Press reports have been building all week about the Census Bureau’s announcement that it will not count same-sex couples legally married in California or Massachusetts (or in other countries) as “married.” The San Jose Mercury News broke the story, which was picked up by the Washington Post, and the AP story ran in the Times and who knows where else. Now People for the American Way has started a petition campaign calling on the Bureau to change its policy. It’s fascinating to me what legs this story has — the issue isn’t new (see below), but it’s newly visible because it’s being driven as a spin-off of the California drama.
Officials justify the decision as required by the Defense of Marriage Act (DoMA), which limits recognition of “marriage” to different-sex couples for purposes of all federal laws and agency actions. See the Bureau’s analysis, originally posted regarding the 2000 census: http://www.census.gov/population/www/cen2000/samesex.html
Today, Gary Gates, senior policy fellow at the Williams Institute at UCLA Law School, has an op-ed in the L A Times laying out the arguments for why the Bureau should not alter the correct response of "married" to "unmarried partner" whenever the couple has two partners of the same sex. Countless government programs and academic researchers rely on Census data, but where LGB couple households are concerned, ideology is trumping reality … as if same-sex marriages will just go away if the Census refuses to count them.
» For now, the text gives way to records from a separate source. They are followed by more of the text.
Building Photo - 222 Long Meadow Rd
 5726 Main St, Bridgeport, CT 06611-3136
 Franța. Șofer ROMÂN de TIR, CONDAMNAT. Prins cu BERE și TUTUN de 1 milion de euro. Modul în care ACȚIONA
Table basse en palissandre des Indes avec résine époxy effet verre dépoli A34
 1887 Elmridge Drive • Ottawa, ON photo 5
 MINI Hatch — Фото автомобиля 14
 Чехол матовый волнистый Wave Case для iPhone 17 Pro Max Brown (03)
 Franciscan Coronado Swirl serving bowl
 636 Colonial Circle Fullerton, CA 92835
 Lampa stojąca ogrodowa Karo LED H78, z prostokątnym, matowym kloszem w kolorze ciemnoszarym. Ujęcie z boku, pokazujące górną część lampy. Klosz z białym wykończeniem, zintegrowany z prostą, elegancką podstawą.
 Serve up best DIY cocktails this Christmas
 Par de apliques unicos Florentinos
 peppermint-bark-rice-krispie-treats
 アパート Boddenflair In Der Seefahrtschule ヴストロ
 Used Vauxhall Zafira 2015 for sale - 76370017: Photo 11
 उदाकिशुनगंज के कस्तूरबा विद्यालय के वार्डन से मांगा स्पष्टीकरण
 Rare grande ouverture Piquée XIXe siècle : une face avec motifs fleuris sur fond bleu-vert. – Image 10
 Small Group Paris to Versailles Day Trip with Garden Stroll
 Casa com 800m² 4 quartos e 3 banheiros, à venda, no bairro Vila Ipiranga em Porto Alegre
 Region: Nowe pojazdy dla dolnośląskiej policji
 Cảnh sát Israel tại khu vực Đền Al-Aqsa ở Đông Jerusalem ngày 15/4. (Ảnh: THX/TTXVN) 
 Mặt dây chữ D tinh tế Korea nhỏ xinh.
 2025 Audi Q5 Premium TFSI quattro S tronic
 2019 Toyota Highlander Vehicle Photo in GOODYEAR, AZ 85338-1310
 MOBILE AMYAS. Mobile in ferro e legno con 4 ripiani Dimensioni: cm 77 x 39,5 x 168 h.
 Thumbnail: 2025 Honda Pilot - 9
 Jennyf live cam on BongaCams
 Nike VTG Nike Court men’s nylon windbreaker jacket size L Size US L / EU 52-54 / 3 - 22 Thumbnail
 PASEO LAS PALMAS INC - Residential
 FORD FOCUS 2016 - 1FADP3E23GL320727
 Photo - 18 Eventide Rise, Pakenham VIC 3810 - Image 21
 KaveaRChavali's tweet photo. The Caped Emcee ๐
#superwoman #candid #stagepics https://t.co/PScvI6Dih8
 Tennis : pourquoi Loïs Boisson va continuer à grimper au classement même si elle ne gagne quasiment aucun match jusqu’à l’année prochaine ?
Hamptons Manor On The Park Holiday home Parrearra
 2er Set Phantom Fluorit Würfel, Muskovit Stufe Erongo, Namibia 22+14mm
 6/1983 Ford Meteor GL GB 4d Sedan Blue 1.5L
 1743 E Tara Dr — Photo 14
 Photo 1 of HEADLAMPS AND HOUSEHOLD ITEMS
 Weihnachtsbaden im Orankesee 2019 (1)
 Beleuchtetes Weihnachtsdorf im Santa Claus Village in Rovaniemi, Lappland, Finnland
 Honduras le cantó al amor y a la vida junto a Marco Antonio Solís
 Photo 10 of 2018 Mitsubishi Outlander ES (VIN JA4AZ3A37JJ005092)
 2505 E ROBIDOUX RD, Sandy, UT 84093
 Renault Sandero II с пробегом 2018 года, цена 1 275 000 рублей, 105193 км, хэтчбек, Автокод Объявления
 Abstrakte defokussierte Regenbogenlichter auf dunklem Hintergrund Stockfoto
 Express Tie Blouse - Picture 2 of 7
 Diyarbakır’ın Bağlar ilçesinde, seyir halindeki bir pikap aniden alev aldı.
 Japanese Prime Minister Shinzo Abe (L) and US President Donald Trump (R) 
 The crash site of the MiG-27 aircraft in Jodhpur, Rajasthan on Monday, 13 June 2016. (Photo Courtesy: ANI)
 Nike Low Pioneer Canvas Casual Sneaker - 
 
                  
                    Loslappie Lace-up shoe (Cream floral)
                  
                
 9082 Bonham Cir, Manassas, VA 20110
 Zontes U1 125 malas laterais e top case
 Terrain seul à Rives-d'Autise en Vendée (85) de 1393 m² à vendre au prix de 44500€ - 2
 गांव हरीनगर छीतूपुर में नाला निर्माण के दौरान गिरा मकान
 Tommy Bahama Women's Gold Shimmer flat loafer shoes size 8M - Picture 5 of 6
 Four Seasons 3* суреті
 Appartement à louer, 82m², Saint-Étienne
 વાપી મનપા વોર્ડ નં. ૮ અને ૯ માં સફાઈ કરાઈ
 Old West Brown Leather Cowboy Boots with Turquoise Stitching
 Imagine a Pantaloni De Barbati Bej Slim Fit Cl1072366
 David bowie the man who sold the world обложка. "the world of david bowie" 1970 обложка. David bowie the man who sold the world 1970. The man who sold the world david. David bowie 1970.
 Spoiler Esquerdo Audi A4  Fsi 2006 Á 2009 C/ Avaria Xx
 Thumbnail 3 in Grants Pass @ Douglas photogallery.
The legal obstacles created by DoMA are real, but not insurmountable. Williams is spearheading an effort to persuade Census Bureau officials to take immediate steps, pending repeal of DoMA, that would greatly alleviate the harm of miscounting. For example, the Bureau easily could flag the data on same-sex couples who are legally married, so that researchers could retrieve the information from public (anonymous) data files. Additionally, the Census currently excludes all unmarried partners (straight and gay) from the definition of "family." Because DoMA addresses only the terms "marriage" and "spouse," there is no legal barrier to adopting new ways of analyzing family household data. Lastly, with almost one in four Americans living in a jurisdiction that has created a non-marital form of official family recognition, the Census could publish data about these unions/partnerships so that researchers could study their characteristics. There is much that the Census Bureau could do, even without a change in DoMA.
Repealing DoMA, though, is the proper response. It is a bad policy and a silly law, and its elimination should be high on the agenda for the next Congress and the Obama Administration.